Amazing Post Workout Meal Ideas – Eat Healthy Be Fit Experience Happiness
Rigorous workout regimes can be tiring. To regain your energy and to replenish the calories burned, it is very important to include nutritious meal post your workout. It is important to understand that physical exercises and post workout meal are a package and one cannot be effective without the other.
Here we list you the things you need to consider and incorporate it after your workout session. 
Staying consistent regarding food timings is important for a healthier lifestyle and post workout meal is no exception. After any rigorous exercise, the body’s ability to rebuild glycogen and protein is enhanced. Hence, it is generally recommended to consume carbohydrates and proteins after workouts.
Although there is no set timing, it is better to have a post workout meal within forty-five minutes of the exercise. Similarly, if you have taken a pre workout meal, it is also going to benefit your body after the workout.

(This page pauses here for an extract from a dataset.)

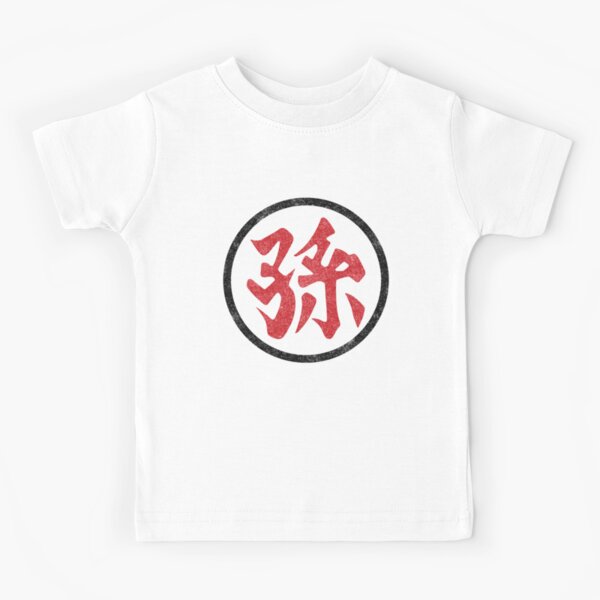 Item preview, Young Gohan Kanji (Goku Family Kanji) designed and sold by huckblade.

Foods to eat before a workout
Before starting your workout, it is good to eat a small amount of nutritious food to energize the body and avoid fatigue. Below are some of the recommended foods that can be considered:
- Overnight soaked oats
- Home-made energy/protein bars
- Fruit smoothie
- Apple with peanut butter
- Whole grain bread
Foods to eat after a workout
Since glycogen and protein surge after a workout, the following are some of the most recommended foods to be eaten after a workout: 
- Greek yoghurt
- Grilled paneer
- Egg whites
- Milk/ Soy milk
- Grilled chicken
- Sprouts with coconut water
Meals to eat after a workout
Some of the ideal post-workout and healthy meals include:
- Oats porridge with fruits and nuts
- Bread toast with egg white omelette
- Yoghurt-Fruit smoothie with chia seeds
- Mixed dal khichdi with vegetable raita
- Chapatis with paneer curry, curd and salad
- Paneer peas pulao with yogurt-vegetable salad
- Mix grain Chapatis with palak paneer and cucumber-tomato salad
- Scrambled tofu with sautéed vegetables
- Chicken soup with salad and whole-grain toast
- Brown rice with rajma, onion-tomato salad
- Broken-wheat Paneer Upma with bhindi sabzi and fruit shrikhand
The meals above are some of the most recommended post workout meal. Apart from that, there are others such as cereal with skim milk, Greek yogurt, berries, and granola, to name a few.
Drink plenty of water
Drinking at least three to four litres of water a day is very good for overall health and people indulging in exercises should drink even more.
While working out, the body sweats losing its water and electrolytes. As a result, it is important to hydrate your body by replenishing it with fluids.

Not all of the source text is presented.